Starbucks: il piacere di fare la fila

Ore di attesa per un caffè: cosa c’è dietro?

di Marina Zinzani

Ore di fila davanti a Starbucks, a Milano. C’erano state ore di fila anche per il pollo filippino, mesi prima. Novità, esserci appena apre, poterlo raccontare, emozione: cosa accomuna le persone disposte a stare in piedi, al caldo per ore, per poter sorseggiare il caffè di Starbucks? Per poter vedere il locale il giorno che apre?
La prima cosa che si pensa è vitalità. Ma ogni evento ha diverse narrazioni, basta spostare il punto di vista. Qualcuno potrebbe definire quella frenesia come l’emozione al tempo del capitalismo: l’oggetto, in questo caso l’alimento, diventa fonte di piacere, non c’è stanchezza che tenga, neanche il prezzo alto ferma chi vuole vedere l’anteprima.
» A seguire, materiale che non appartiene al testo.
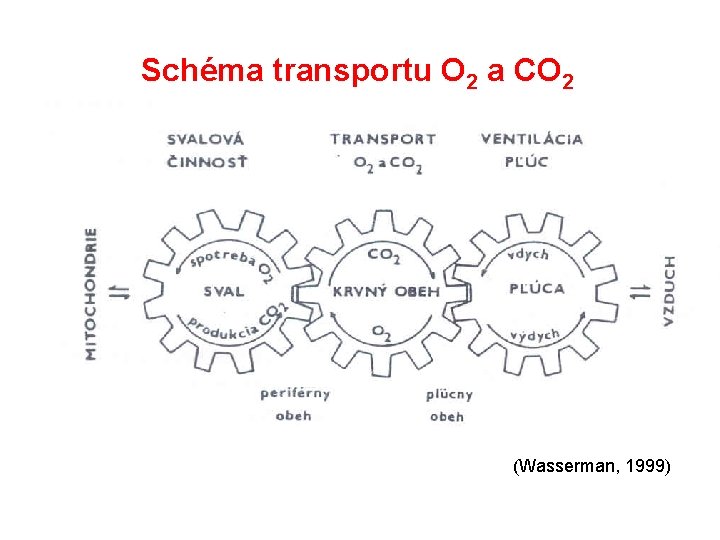 Schéma transportu O 2 a CO 2 (Wasserman, 1999) 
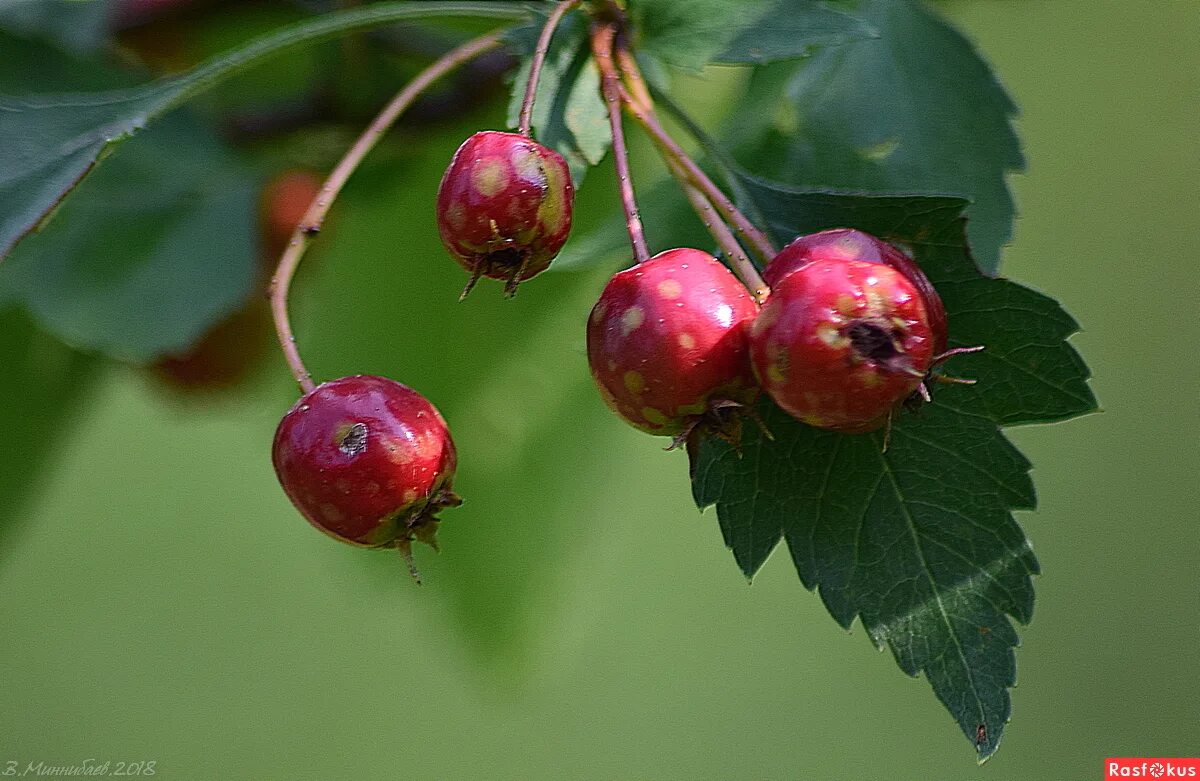 сбор плодов боярышника. боярышник огни мичуринска. боярышник зангезурский. боярышник древовидный. боярка ягода от давления.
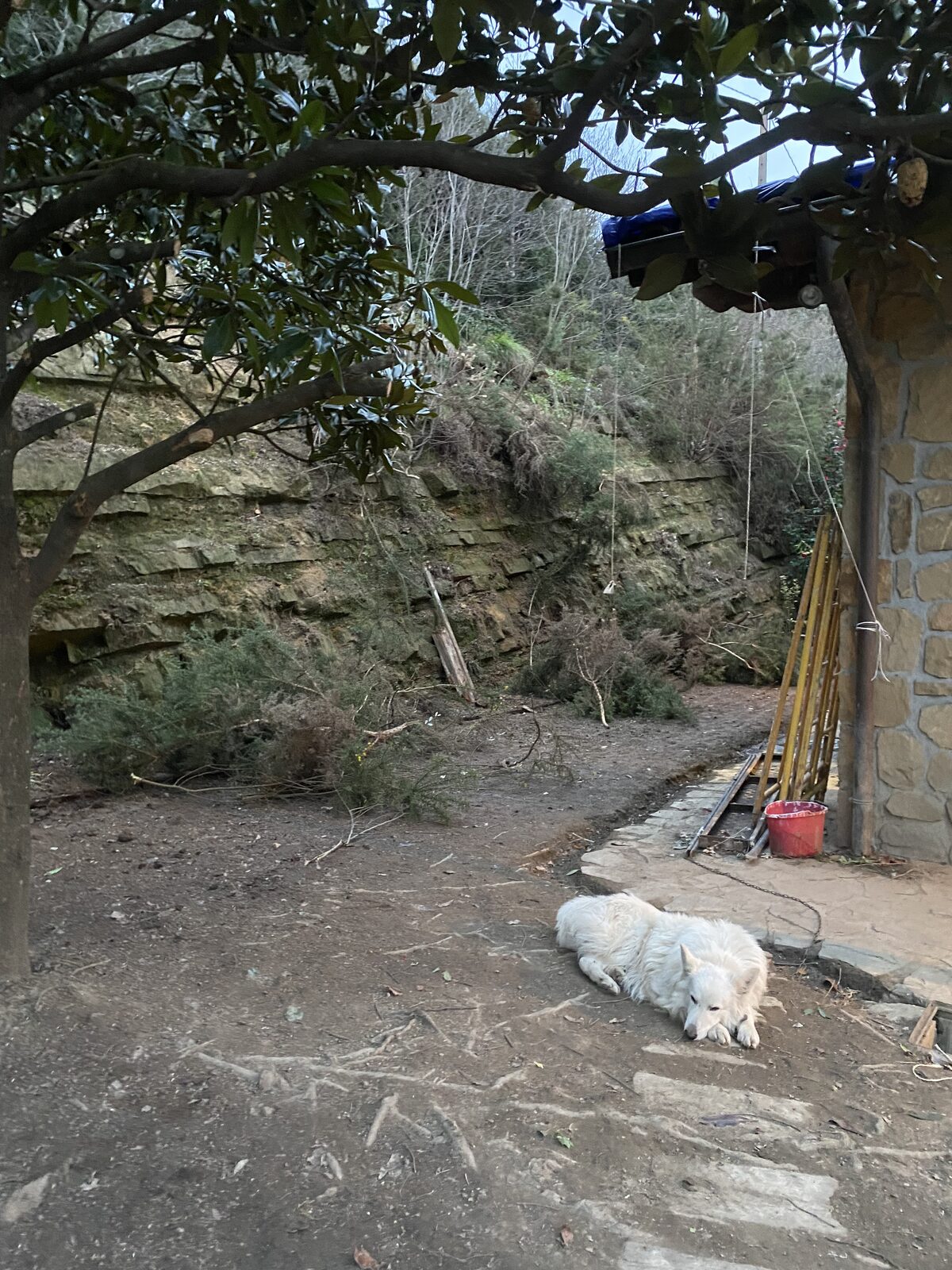 Zona junto al muro de piedra despejada tras el desbroce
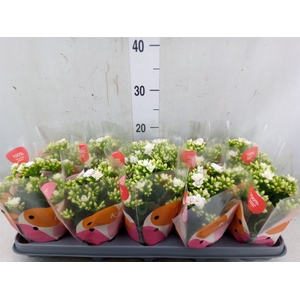 Kalanchoe  'RoseFlow Greta'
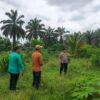 Polsek Benai Koordinasi Persiapan Penanaman Jagung Pipil di Desa Geringging Baru, Dukung Program Ketahanan Pangan
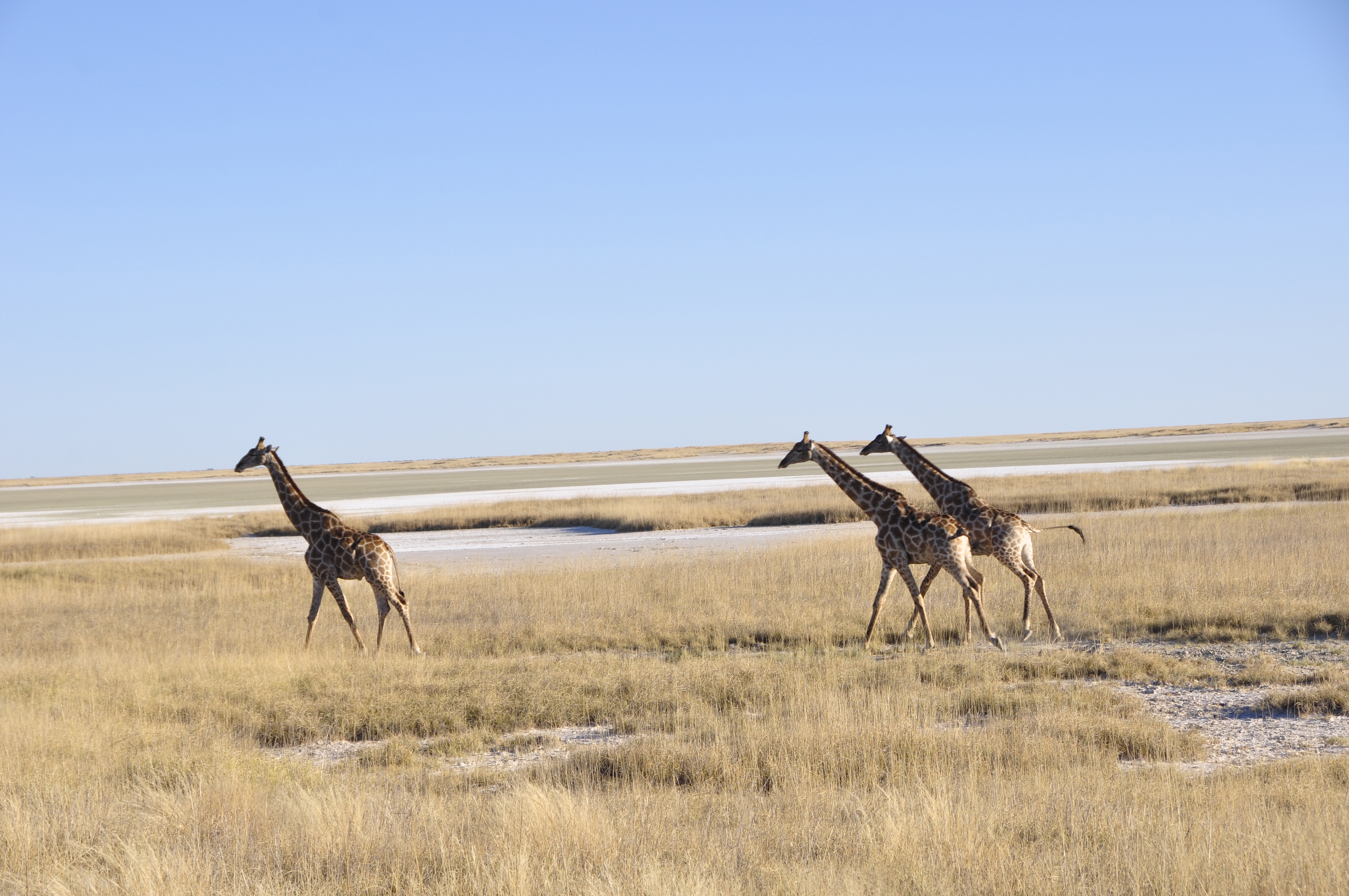 Namibia: Girafs at the boarder of the Etosha salt-pan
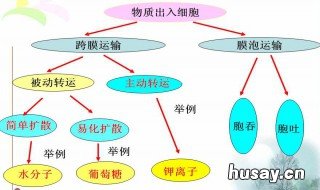 极性运输需要能量吗 极性运输和非极性运输需要能量吗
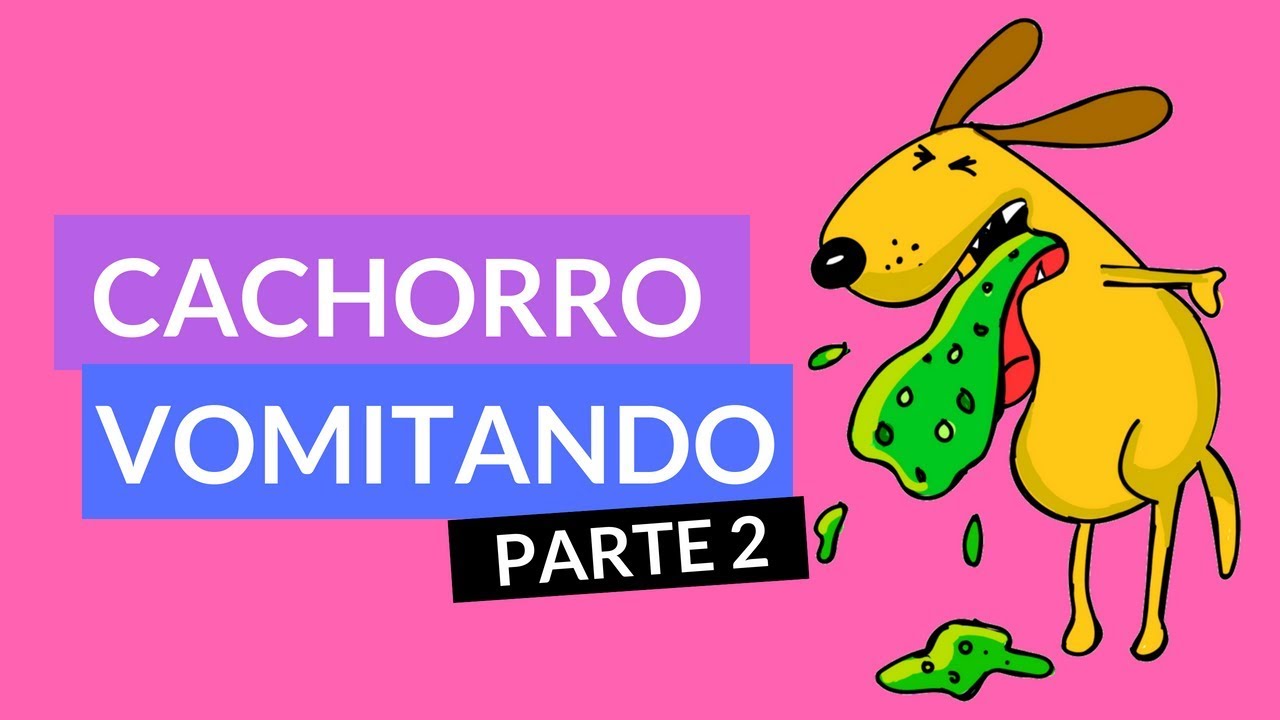 Cachorro Vomitando - PARTE 2 - Causas, Remédios e Como Tratar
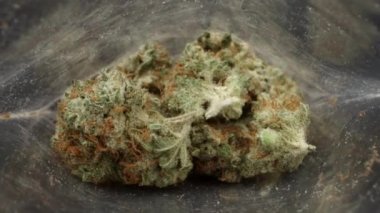 Çantada marihuana tomurcukları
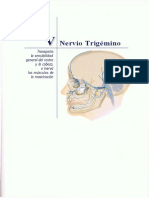 NErvio Trigémino y Neuralgía Del Trigémino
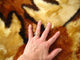 Moose Playmat Rug, 28"x45"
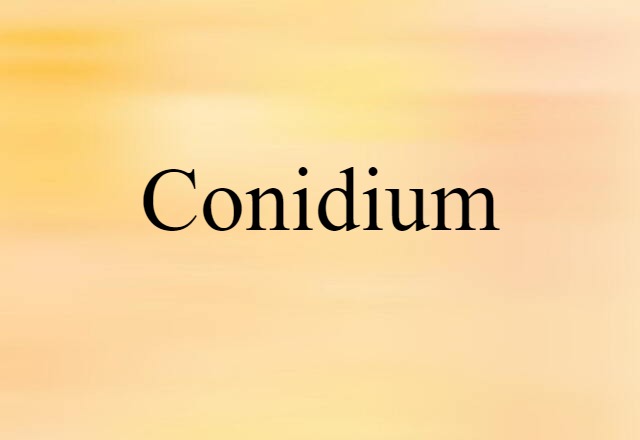 conidium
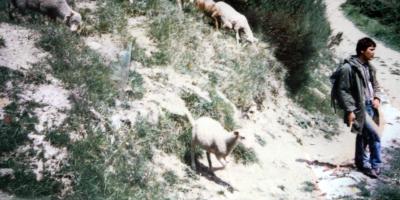 Qui a tué Pierre le berger de Castellar en août 1991? Retour sur l'un des grands mystères de la Côte d'Azur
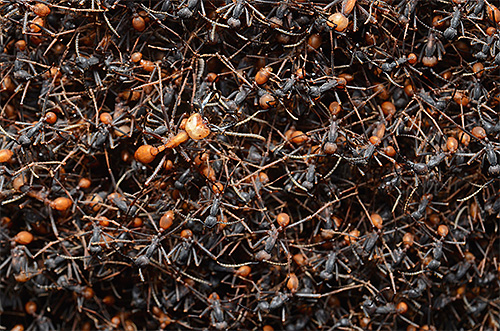 Bivacco di formiche dell'esercito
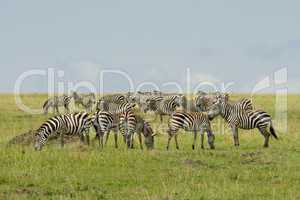 Group of Zebras in the Savannah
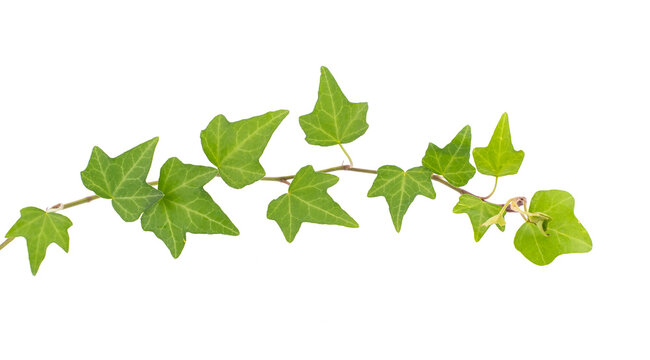 ivy isolated on a white background.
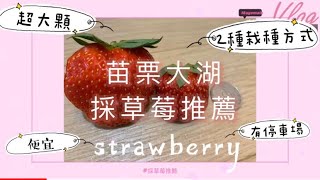 Recommended strawberry picking in Taiwan｜Miaoli Dahu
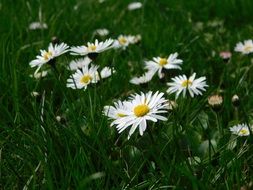 white flowers on a green meadow in summer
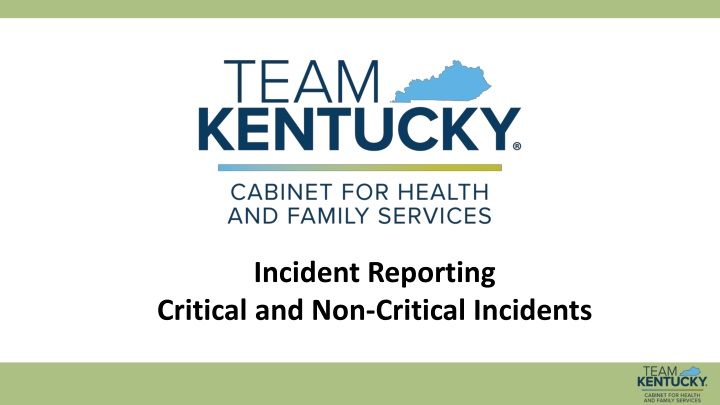Critical and Non-Critical Incidents in Incident Reporting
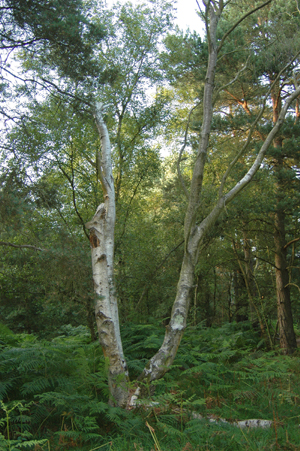 Colour photograph of a silver birch tree, with other trees visible behind it and ferns growing beneath it.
Emozione al tempo degli oggetti, che devono restituire ciò che si è perduto, confortare, riempire vuoti.
Si pensa a chi dorme di notte davanti ad un megastore perché la mattina cominciano i saldi, si vede da qualche parte del mondo. Ma mentre lì può esserci un discorso economico, il forte sconto che attira,  la fila per l’apertura di un negozio sembra cosa diversa: qualcosa da raccontare agli amici, è strepitoso il posto, mah, non è granché, il caffè è buono ma costa più della media, anche il cappuccino è caro, però vuoi mettere stare in un posto così, conversare… bello, molto bello. Amici, condivisione, piccola follia la fila di ore: ecco che lo scenario si sposta, diventa vitalità anche se si tratta di qualcosa di effimero, di superficiale. E l’esserci, il primo giorno, ha un sapore diverso, si respira l’allegria di una serata fra amici.
Gli aspetti molteplici, e le verità che si confondono. Da una parte sembra anche una forma di vuoto persistente nell’aria, da riempire con eventi non propriamente culturali: non si è in attesa di vedere una mostra di Caravaggio, di visitare gli Uffizi. Lì, in quel caso, non si può dire che si respiri il vuoto, lì c’è una persona pronta ad accogliere una meravigliosa forma di bellezza.
Un giorno magari ci andremo, a Starbucks, quando la folla, continuata anche nei giorni successivi, si sarà sfoltita. Berremo il caffè e cercheremo di trovarci un sapore nuovo, unico, che possa spiegare l’entusiasmo dell’apertura. Chissà se una tazzina di caffè riempirà un momento, e lo renderà piacevole, da raccontare.